Thoroughly vortex the lysate tubes after thawing.
Spin the lysate tubes at maximum speed for 5 minutes in a tabletop centrifuge inside the sample hood.

Note
[Note]
Handle the lysate tubes carefully to avoid disturbing the fragile pellet at the bottom.

Open the first column of empty FluidX tubes using the decapper and store the caps on an empty and clean cap rack. The caps will be used afterwards when closing the FluidX tubes.
Transfer 150 µl of supernatant from each lysate tube into a FluidX tube. Carefully pipette the lysate supernatant to avoid transferring any sample material. If the sample pellet begins to dissolve, repeat centrifugation before transferring the supernatant (i.e., ).

Note
[Note]
Use the previously created list ( ) to verify that each lysate tube ID matches the corresponding FluidX tube barcode during liquid transfer. If the lysate volume is less than 150 µl, transfer the entire remaining volume to the FluidX tube, then fill up to 150 ul with extraction buffer stock solution. In this case, also update the lysate input column in the "samples_to_screen" list and mark the lysate as 'used up' in CoreDB.

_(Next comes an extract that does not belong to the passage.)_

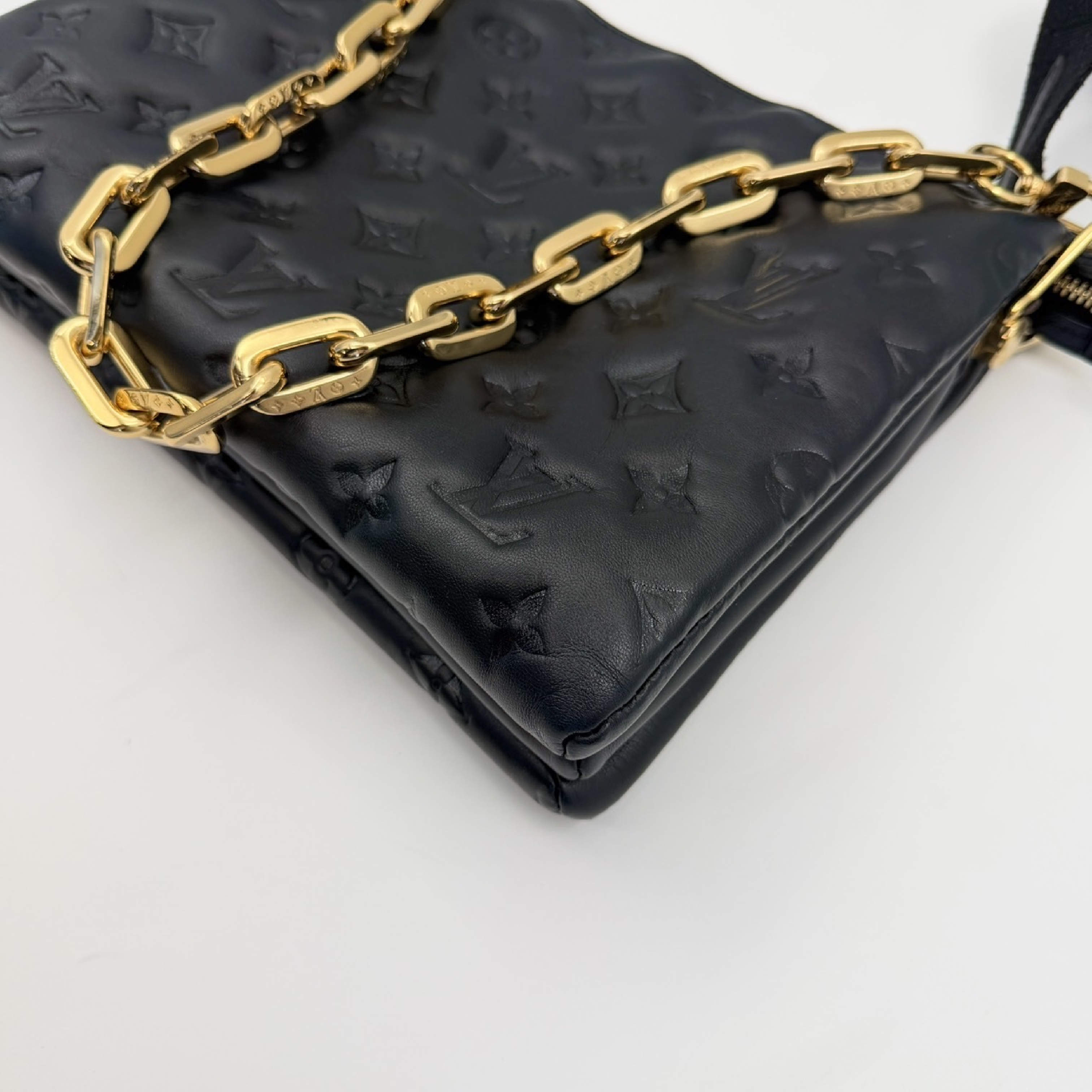 Coussin BB Noir Chain Shoulder Bag — view 4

FluidX tubes should not be removed from the rack during liquid transfer. If it becomes necessary to move or remove FluidX tubes, scan the FluidX rack again and update the tube barcodes accordingly.

Close the current column of FluidX tubes using the decapper. Then proceed to the next full or partial column ( ) and continue until all lysate supernatants have been successfully transferred.

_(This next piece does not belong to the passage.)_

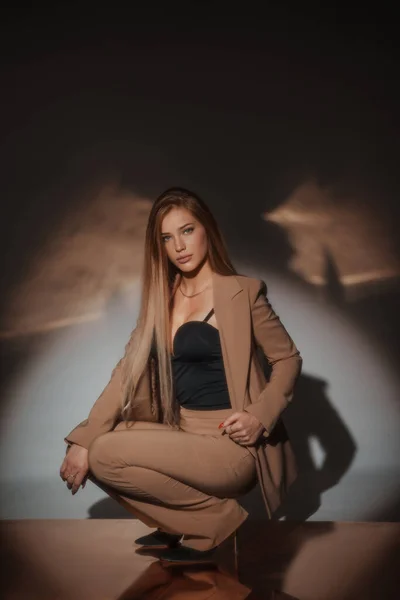 Attraktiv Ung Kvinna Bär Beige Kostym Ler Och Poserar Elegant — Stockfoto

Store the FluidX lysate rack in the freezer until further processing and return the lysate tubes to the freezer.
Update the "samples_to_screen" list located at "P:\AncientDNA\samples".

Note
[Documentation]
  • Add the FluidX rack ID and the FluidX tube IDs to the corresponding fields.
  • Save a copy of the updated list with date and initials and put the old version in the "screening_list_backup" folder.

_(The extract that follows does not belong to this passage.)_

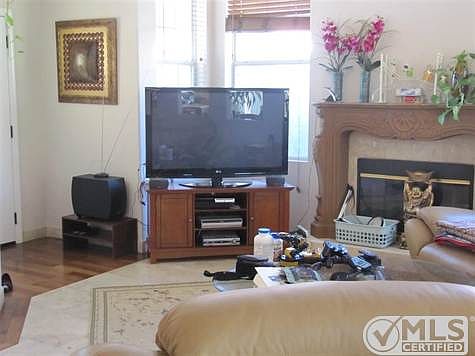 4th image of 756 Cardona Ave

Option B: Lysate aliquoting for manual DNA extraction or other purposes
If stored at −20 °C, remove the lysates from the freezer and thaw at room temperature for at least 30 minutes. Alternatively, thaw the lysates in a Thermo shaker at 37 °C for approximately 10 minutes.
Thoroughly vortex the lysate tubes after thawing.
Spin the lysate tubes at maximum speed for 5 minutes in a tabletop centrifuge inside the sample hood.

Note
[Note]
Handle the lysate tubes carefully to avoid disturbing the fragile pellet at the bottom.

Transfer the volume of lysate supernatant into a new 1.5 or 2.0 ml LoBind tube. Carefully pipette the lysate supernatant to avoid transferring any sample powder. If the sample pellet begins to dissolve, repeat centrifugation before transferring the supernatant ( ).

Store the tube containing the lysate aliquot in the freezer until further processing and return the lysate tubes to the freezer.